In a statement emailed to Motherboard, a FCC spokesperson said that Pai "supports a free and open internet but opposes heavy-handed Title II regulation. The internet was free and open before the 2015 party-line vote imposing these Depression-Era regulations."

That's true.

The internet was largely free and open before 2015, because net neutrality is, and for decades has been, the status quo, which is why it's easy to take for granted. The FCC's policy merely codifies the principle, using Title II reclassification, in a way that is legally defensible against broadband industry attacks.

Open Internet advocates argue that the FCC's net neutrality policy is essential for economic growth, online innovation, civic empowerment, and free speech.

"I have called net neutrality the free speech issue of our time, because the basic principles of our democracy are at stake," said Sen. Al Franken, the Minnesota Democrat. "That's why I'm concerned about the new FCC head Ajit Pai. He has repeatedly sided with corporations over consumers, and his number one target appears to be taking down net neutrality."

Franken pointed out that two years ago, nearly four million people delivered public comments to the FCC in favor of strong net neutrality rules. Senate Democrats say that kind of grassroots uprising in defense of net neutrality will be needed again to defend the idea of an open internet. At that time, there was a huge grassroots movement against SOPA and PIPA.

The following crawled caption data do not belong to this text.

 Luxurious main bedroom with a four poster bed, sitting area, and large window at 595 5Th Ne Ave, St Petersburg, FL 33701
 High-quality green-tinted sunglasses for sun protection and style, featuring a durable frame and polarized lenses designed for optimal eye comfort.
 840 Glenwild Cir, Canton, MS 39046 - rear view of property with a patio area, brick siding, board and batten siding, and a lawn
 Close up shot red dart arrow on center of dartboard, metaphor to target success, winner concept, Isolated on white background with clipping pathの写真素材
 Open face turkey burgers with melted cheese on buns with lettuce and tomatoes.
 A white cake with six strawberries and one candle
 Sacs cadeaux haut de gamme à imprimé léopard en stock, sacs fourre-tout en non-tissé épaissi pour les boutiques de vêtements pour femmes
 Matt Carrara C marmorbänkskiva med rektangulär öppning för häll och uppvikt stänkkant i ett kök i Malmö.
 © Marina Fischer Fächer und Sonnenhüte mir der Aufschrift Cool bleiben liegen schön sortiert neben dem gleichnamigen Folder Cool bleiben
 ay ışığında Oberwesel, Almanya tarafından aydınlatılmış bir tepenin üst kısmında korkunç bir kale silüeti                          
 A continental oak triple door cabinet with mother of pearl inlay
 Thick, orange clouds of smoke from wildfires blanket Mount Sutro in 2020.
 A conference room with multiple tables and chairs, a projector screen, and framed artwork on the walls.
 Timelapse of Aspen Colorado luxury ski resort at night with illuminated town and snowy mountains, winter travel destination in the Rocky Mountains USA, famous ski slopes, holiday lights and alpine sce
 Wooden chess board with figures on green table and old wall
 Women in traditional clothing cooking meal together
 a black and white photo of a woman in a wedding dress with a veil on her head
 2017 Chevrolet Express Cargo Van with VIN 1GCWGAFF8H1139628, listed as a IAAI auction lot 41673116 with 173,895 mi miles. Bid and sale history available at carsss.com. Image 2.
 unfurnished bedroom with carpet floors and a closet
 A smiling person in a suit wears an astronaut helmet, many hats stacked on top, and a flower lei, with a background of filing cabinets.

"We're in for a fight, and there is much at stake," said Sen. Richard Blumenthal, a Democrat from Connecticut. "Allowing a broadband provider to block or discriminate against certain content providers is not only a threat to the continued success of America's innovators and job-creators, it is also a danger to free speech—one of the core principles of our democracy—at a time when so many of our First Amendment rights are threatened."